Markets have their passport offices too — places where you waste time, lose energy, and drain capital. If you want to compound returns, you have to identify them.
That’s why we love looking at the scans. They don’t just show us leadership — they show us where leadership is absent. And right now, the scans are clear: plenty of places are not worth standing in line for.
Scan #1: Leading/Sensitive Groups
Look at the groups that should be leading in reflation — and aren’t.
Transportation is negative year-to-date (-1.4%). In reflation, transports should fly. They’re lagging. (Keep an eye on this)
Biotech can’t get traction. A hot month doesn’t change the fact it’s negative over 12 months (-4.5%). (I think the move is just starting but it is still a laggard.)
Bitcoin is diverging. Up YTD, but negative in the short-term. Something to keep an eye on. (Still long)
These are the market’s passport offices: messy, inconsistent, and not worth the line.
Scan #2: International Leadership Dashboard
It’s not just sectors — whole countries are flashing red.
Argentina: -16% YTD, -16% vs SPX.
India Financials: -12% YTD, -20% vs SPX.
Saudi Arabia & Turkey: both rolling over, both weak.
Meanwhile, leadership is abroad in Greece (+63% YTD) and Chinese small caps (+53% YTD). The lesson? Not all global plays are equal. Some markets are worth waiting in line for, most are not.
Scan #3: Sector Breakdown
Defensives are failing too.
Staples: down across 1M, 3M, 6M, 12M. Pure dead weight.
Healthcare: -0.3% YTD, -12% over 12 months. That’s not leadership.
Utilities: negative short-term (1M time frame)
In a reflationary regime, this makes sense. Money doesn’t hide in “safe havens.” It flows toward cyclicals, growth, and commodities.
Why This Makes Sense in Reflation
The flipside of weakness is confirmation of strength.
Industrials: +15% YTD.
Small Caps: strong across every timeframe.
IPO Index: +16% YTD, +29% over 12 months. Speculation is alive.
Metals & Mining: +46% YTD. The clearest confirmation of a commodity bull market getting started.
This is what a reflationary environment looks like. Capital moves toward growth, risk-on assets, and real-economy plays. The laggards we just walked through don’t fit that playbook.

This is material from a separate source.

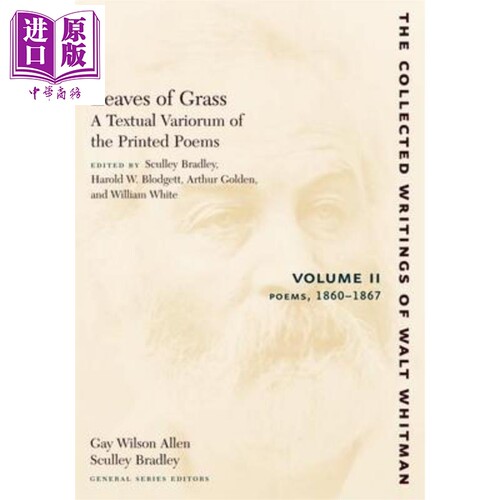 现货 草叶集：印刷诗歌的文本变体2 英文原版 Leaves of Grass Vol II Poems:1860-1867 Walt Whitman【中商原版】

The Value of Knowing What Not to Do
Everyone obsesses about winners. But avoiding losers is just as important.
Think about the portfolios sitting heavy in Staples, Healthcare, or Argentina right now. The opportunity cost is massive. It’s not just lost capital — it’s missing out on the sectors that are actually compounding.
That’s why I say we love the unloved. Not because we’re buyers. But because identifying the unloved helps us avoid wasting time and capital.
The Takeaway
Standing in line at the passport office yesterday, watching inefficiency unfold, I realized something: the market is full of the same traps.
You don’t beat the market by pretending they don’t exist. You beat it by spotting them and stepping aside.
Right now, the scans are crystal clear:
Transportation, Biotech, and Bitcoin aren’t leading.
Argentina, India Financials, Saudi Arabia, and Turkey are laggards globally.
Staples, Healthcare, and Utilities are dead money in sectors.
These are the passport offices of the market. Messy, inefficient, not worth the wait.
Meanwhile, Gold Miners, Industrials, Small Caps, IPOs, international stocks and Metals & Mining are the open highways. That’s where capital flows. That’s where opportunity compounds.
I wasn’t built for standing in lines. I was built for motion. For chaos. For speed.
And this market is telling us the same thing: stop waiting around. Avoid the passport offices. Stay on the highway.